But flexibility and good macroeconomic policy at home still aren't enough to guarantee our future prosperity: it's crucial to us all that we maintain a well-functioning international financial system, an issue to which I will now turn.
Promoting a Stable, Well-Functioning International Order
It seems very clear to me that it is absolutely in the best interests of Canada and Australia to promote freer trade and greater financial stability around the globe. With respect to trade, it is vital that the multilateral negotiations that began five years ago at Doha under the World Trade Organization be restarted and brought to a quick and successful end, and that we all work to continue to strengthen the WTO. The future prosperity of so many nations, in the developing world as well as the developed, depends on these crucial trade talks.

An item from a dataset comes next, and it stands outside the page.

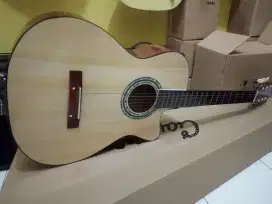 Gitar akustik ymahaa New natural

In terms of international financial issues, I think we can all recall quite clearly a fairly recent example of what can happen when the international financial order breaks down. The Asian financial crisis occurred almost a decade ago, yet who can forget how rapidly it swept around the globe; knocking down currencies, shaking up markets, spreading to other emerging-market economies, and throwing many into a tailspin. Demand for commodities contracted sharply during the Asian crisis, which eventually led to a dramatic decline in many world commodity prices. Some commodity prices hit lows not seen since the end of the Second World War, and that led to a sharp depreciation of our currencies.
Some progress has been made since then, including the establishment of bodies such as the Financial Stability Forum and the G-20. The G-20 brings together systemically significant industrial and emerging-market economies and, as you know, will be meeting in Melbourne later this month. I'm looking forward to this meeting, and I want to say how much I appreciate your country's strong support of this very important forum. Such a forum can provide emerging markets, in particular, with an opportunity to improve the quality of their macroeconomic policies and their regulation of financial systems. And I think it's fair to say that thanks to these and other efforts, the global financial system today is more robust than it was in the late 1990s.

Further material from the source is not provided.